*** DATASET Section Begins ***
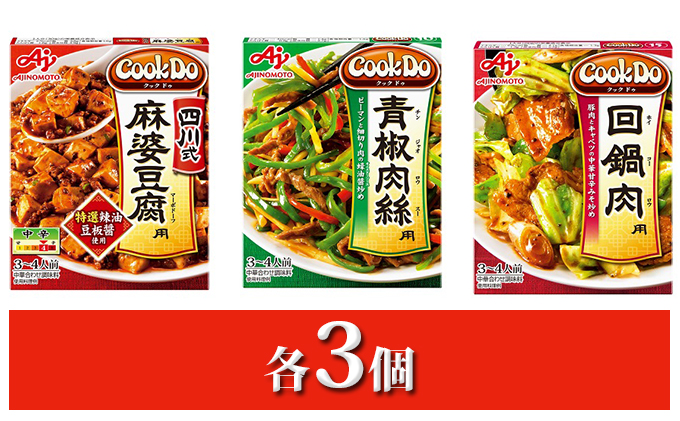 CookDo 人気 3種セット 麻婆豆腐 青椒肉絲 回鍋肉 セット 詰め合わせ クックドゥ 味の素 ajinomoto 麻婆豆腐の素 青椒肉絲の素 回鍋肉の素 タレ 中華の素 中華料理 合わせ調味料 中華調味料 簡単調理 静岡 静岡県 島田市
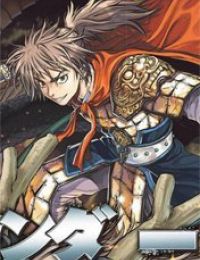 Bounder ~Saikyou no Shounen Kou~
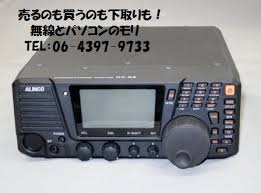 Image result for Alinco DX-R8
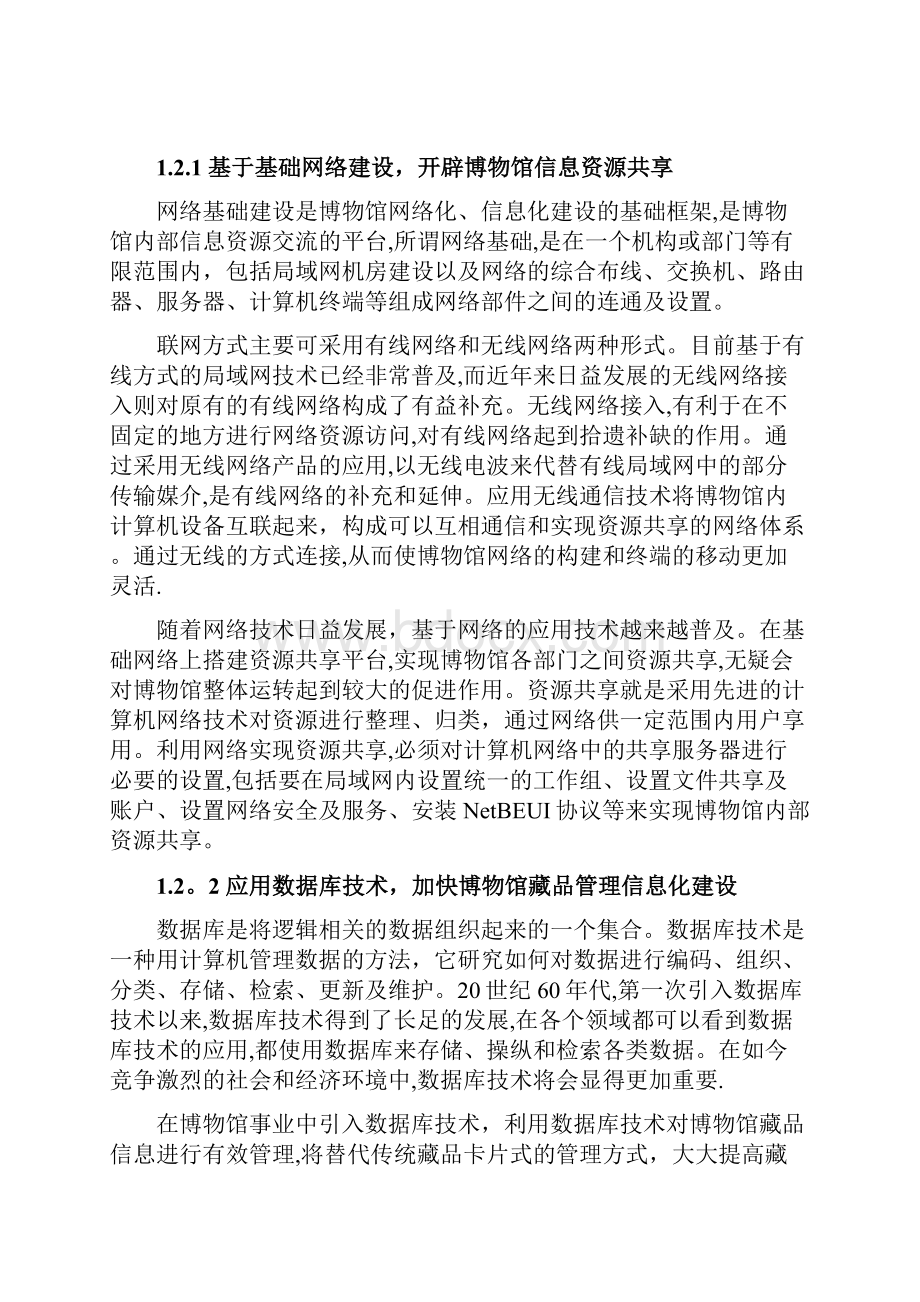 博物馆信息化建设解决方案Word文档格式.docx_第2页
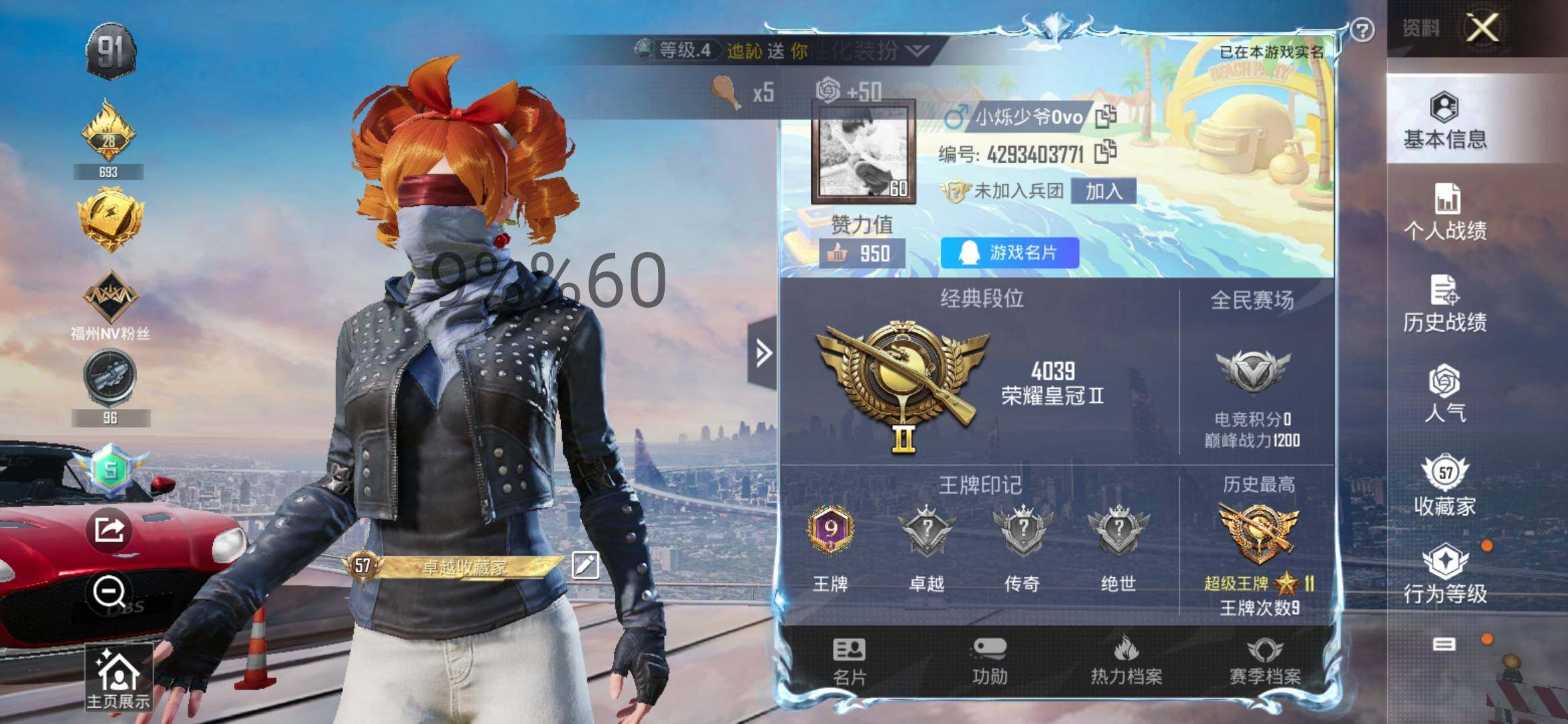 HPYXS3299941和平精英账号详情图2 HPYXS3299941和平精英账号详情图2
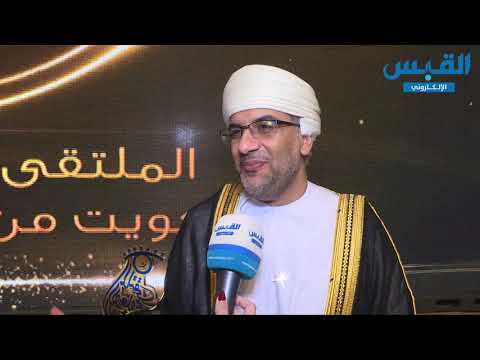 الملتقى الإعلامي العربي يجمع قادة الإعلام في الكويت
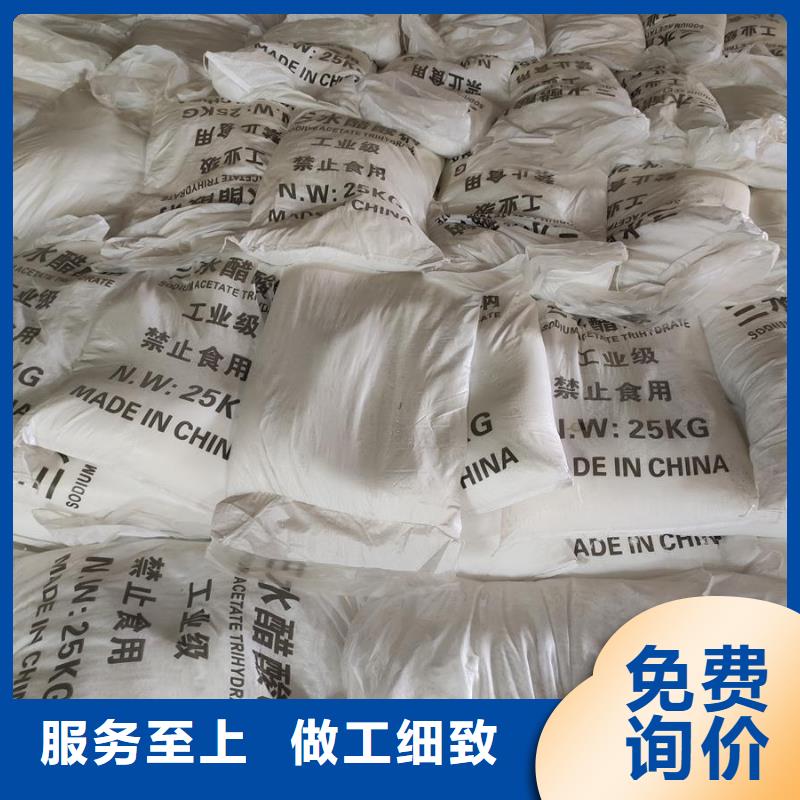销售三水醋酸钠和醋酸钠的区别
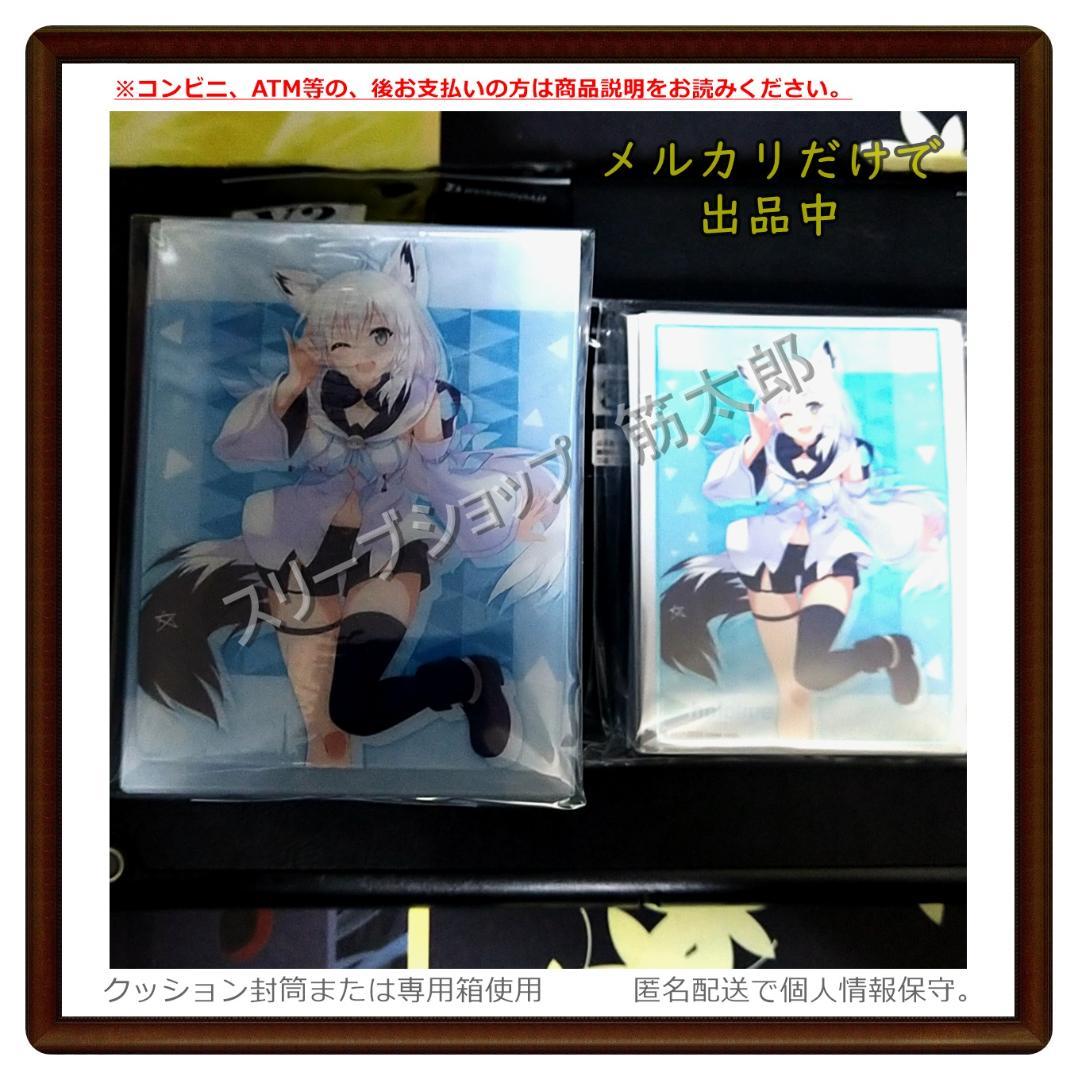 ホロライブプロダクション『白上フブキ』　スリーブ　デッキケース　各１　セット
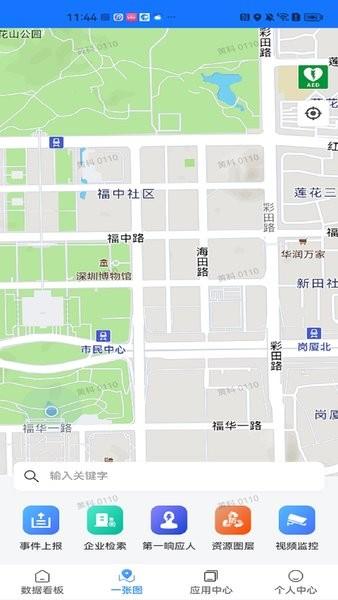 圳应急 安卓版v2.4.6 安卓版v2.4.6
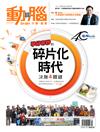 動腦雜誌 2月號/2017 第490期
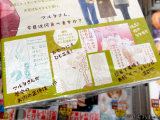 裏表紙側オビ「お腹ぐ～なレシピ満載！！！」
*** DATASET Section Ends ***
> _YOUR TASK_: From the line containing "圳应急 安卓版v2.4.6 安卓版v2.4.6" to the end of the data above, give those lines again verbatim, with both endpoints included and no images.

> _SOLUTION FOR THIS PROBLEM_:
 圳应急 安卓版v2.4.6 安卓版v2.4.6
 動腦雜誌 2月號/2017 第490期
 裏表紙側オビ「お腹ぐ～なレシピ満載！！！」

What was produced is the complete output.